Y en una etapa en la que cualquier diferencia –y más aún física– suele ser blanco de la crueldad, Abel no recuerda más burlas que las generadas por su pasión. Es por eso que define a sus compañeros de colegio como “el público más difícil de conquistar que jamás haya experimentado hasta el día de hoy”. Sus padres le habían prometido apoyo incondicional si él encontraba dónde cantar. Fue así que pidió reunión con Judith, la directora de la Escuela Primaria Nº 58, Día del Camino. Con claridad brutal le dijo: “Pintarse la cara con un corcho o leer un poema en un acto, a todos les resulta un bodrio. Sienten vergüenza, les molesta…”. Y clavó una propuesta de un trato “muy meditado” para entonces: “Yo me ofrezco a ser el embajador artístico de mi curso y me aseguro así, por lo menos, cuatro fechas al año”. Debutó un 17 de agosto, en el homenaje a San Martín, de quien, por otro lado, se reconoce “fanático de su obra”. Y más que los aplausos, capitalizó “una gran lección”. Tanto, que se la recuerda ante toda presentación. “Uno no sube al escenario a conquistar a nadie sino a hacer lo suyo. Una idea que quita presión. Que aliviana la carga. Y que pone el foco en donde debe estar: en la valoración de eso que se hace”.
Entre tanto, en esta revisión de sus comienzos, surge la imagen de Raúl, su padre. “Quien hoy, después de haber andado tanto, pelea por su salud”, cuenta Abel. “Ya de muy grande se enteró de una afección en los riñones y hace muy poco empezó la diálisis. Es algo que debía haberle infligido mucho dolor. Un dolor que no sintió”, revela. “Papá es un hombre acostumbrado a hacerse en la calle. Cuando no de camionero, de comerciante, de vender puerta a puerta, en el mundo de los seguros y hasta en un corralón. Es un tipo que anduvo, que pateó hasta el día de hoy. Y la gente que vive así se acostumbra a no registrar los malestares. Fortalecen espíritu y personalidad frente al dolor. Entonces, cuando se dio cuenta, ya era tarde para tomar medidas más drásticas que, en algún otro momento, hubiesen ayudado más. Pero es un hombre fuerte y saldrá adelante”, asegura.

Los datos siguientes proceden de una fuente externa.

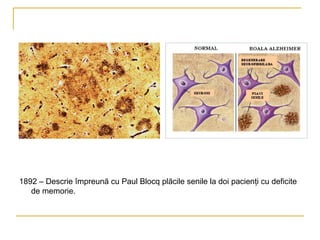 1892 – Descrie împreună cu Paul Blocq plăcile senile la doi pacienţi cu deficite de memorie. 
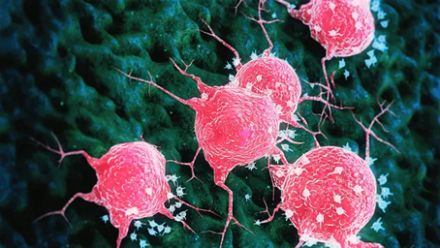 Le fer : une nouvelle cible contre les cancers les plus agressifs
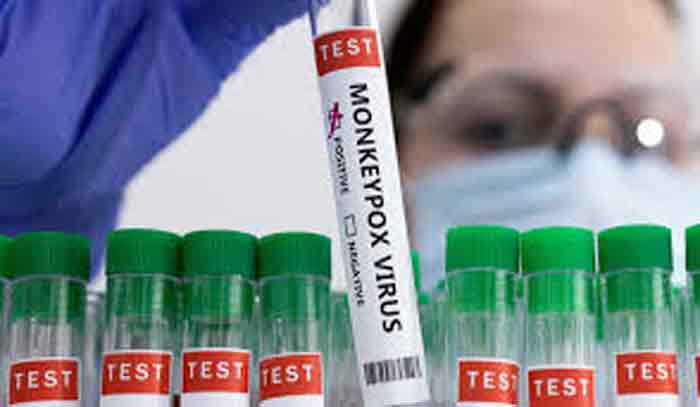 പുരുഷ സ്വവർഗാനുരാഗികൾ മങ്കിപോക്സ് വൈറസ് വാഹകരെന്ന് മുദ്രകുത്തൽ ; മങ്കിപോക്സ് ടെസ്റ്റ് നടത്താൻ സ്വവർഗാനുരാഗികൾ മടിക്കുന്നു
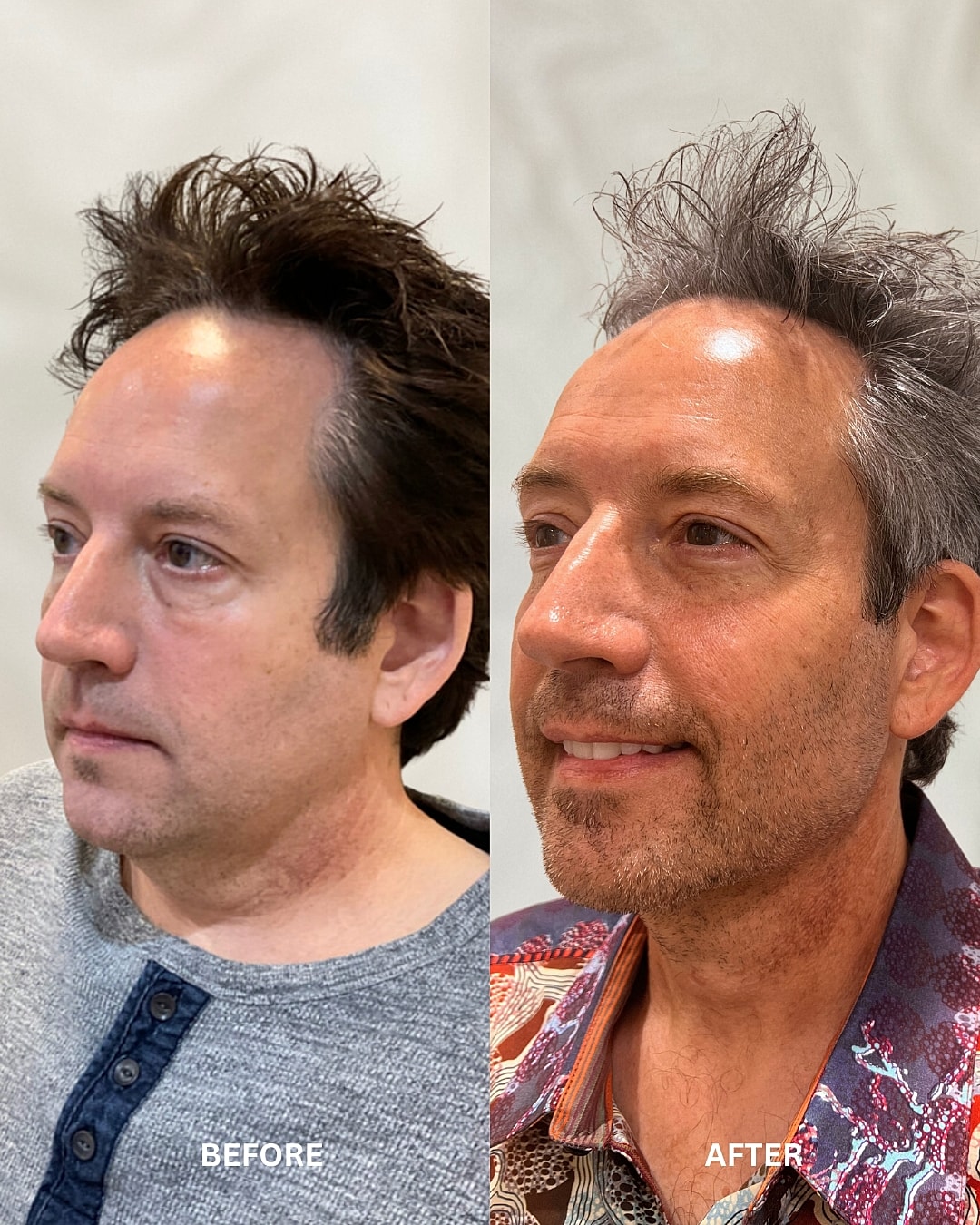 Weight Loss Injections Before & After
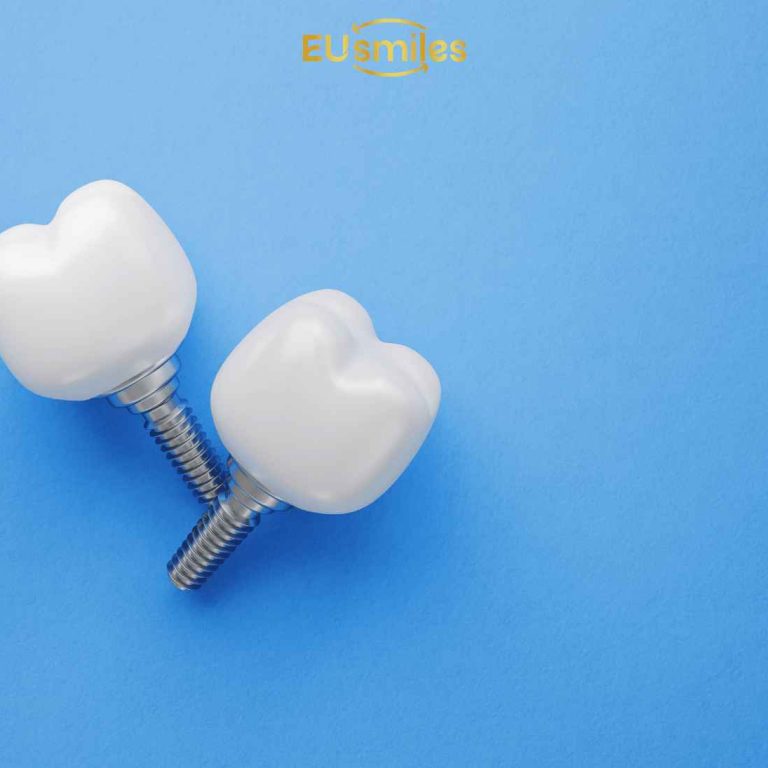 Dental Implants Recovery Time: What Latvians Should Expect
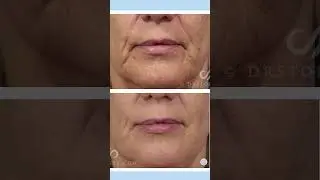 Before & After Fractional CO2 Laser Treatments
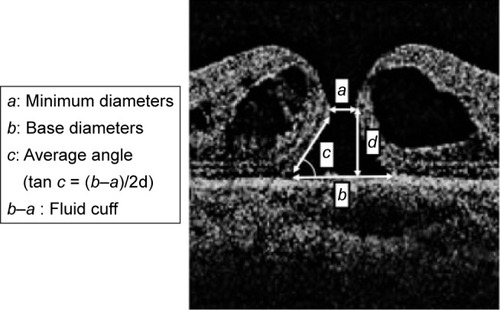 Figure 2 Minimum (a) and base (b) diameters of the macular hole, the average angle of the macular hole (c), and the fluid cuff (b–a) were measured preoperatively on OCT images.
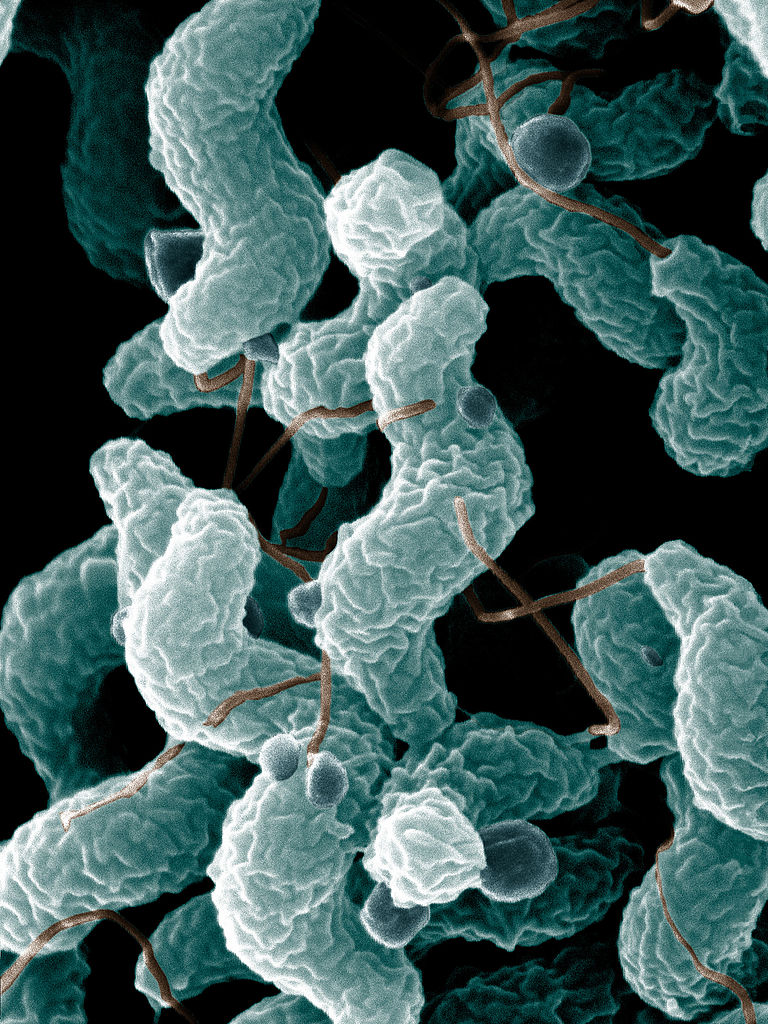 Microscopic image of Campylobacter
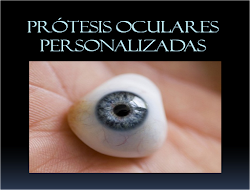 Adaptación de prótesis oculares.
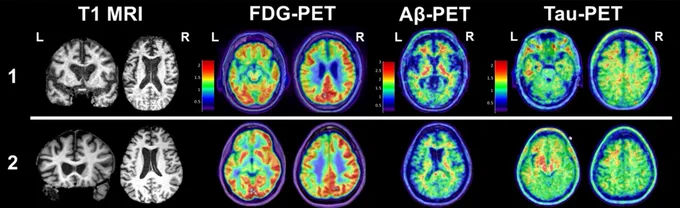 Representative slices of antemortem structural T1 magnetic resonance imaging (T1 MRI), FDG-PET, Aβ-PET (PIB), and tau-PET (FTP) for 2 clinically impaired adults with prior repetitive head trauma meeting criteria for “Probable CTE” (see text for case descriptions).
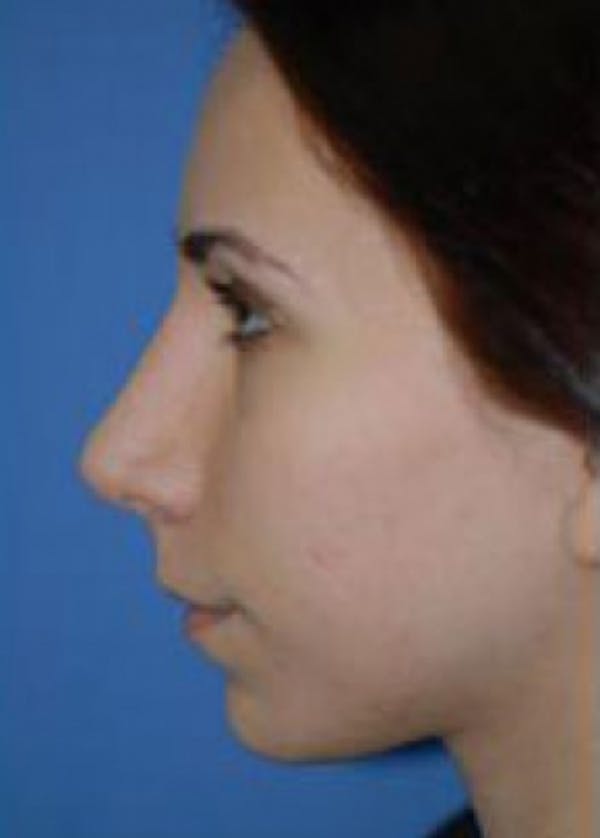 Rhinoplasty Before & After Gallery - Patient 5952191 - Image 2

No usará el término “reconstrucción”, porque señala que el vínculo entre ellos jamás llegó a quebrarse. Pero admite “momentos álgidos” que a ojos de hoy, y aún más siendo padre, se tiñen de matices diversos. “Asumir errores, situaciones o responsabilidades, a veces lleva mucho tiempo de ambas partes”, adelanta. “Cuando me vine grande y empecé a preguntarme y a preguntarles cosas, siempre me enfoqué más en los tramos dolorosos de nuestra historia. No sé si para repararlos. Pero como dijo León: se trata de ponerles bronce, dejarlos en una plaza como estatuas y seguir camino, para lograr que esos ecos de momentos malos no intoxiquen aquellos que tenemos por vivir”, dispara. Describe esos tramos como “situaciones que uno acepta durante muchos años y de repente, parado desde otro lugar de la vida, dice: ´Ya no más´. Entonces comienza a indagar”, explica sujeto a su habitual sobriedad. “Por ejemplo, como te decía, mi viejo pasó mucho tiempo fuera de casa. Y hubo ciertas ausencias. Luego entendí que muchas de ellas, en realidad, eran distancias… Pero, en fin, otras tantas efectivamente fueron ausencias”, cita. “Mis viejos y yo hemos hecho un trabajo emocional verdaderamente muy grande. Los admiro, porque a la edad que tienen se mostraron dispuestos a algo tan fuerte, tan movilizante. Aún cuando podrían haberme dicho: ´Mirá, hijo, ya tenemos un camino hecho, si te gusta bien y si no, también´. Pero lo hicieron. También mis hermanos, Andrés y Ariel, mi cómplice en la música. Fue una tarea muy loable que sigo agradeciendo”, dice.